→ **Collected material**
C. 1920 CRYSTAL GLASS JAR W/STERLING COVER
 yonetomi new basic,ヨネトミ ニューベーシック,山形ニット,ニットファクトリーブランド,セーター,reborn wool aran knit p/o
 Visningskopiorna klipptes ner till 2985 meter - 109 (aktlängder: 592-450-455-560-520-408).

→ **What you are asked to do**
Each line of the data above is to be duplicated exactly.

→ **Exercise output**
C. 1920 CRYSTAL GLASS JAR W/STERLING COVER
 yonetomi new basic,ヨネトミ ニューベーシック,山形ニット,ニットファクトリーブランド,セーター,reborn wool aran knit p/o
 Visningskopiorna klipptes ner till 2985 meter - 109 (aktlängder: 592-450-455-560-520-408).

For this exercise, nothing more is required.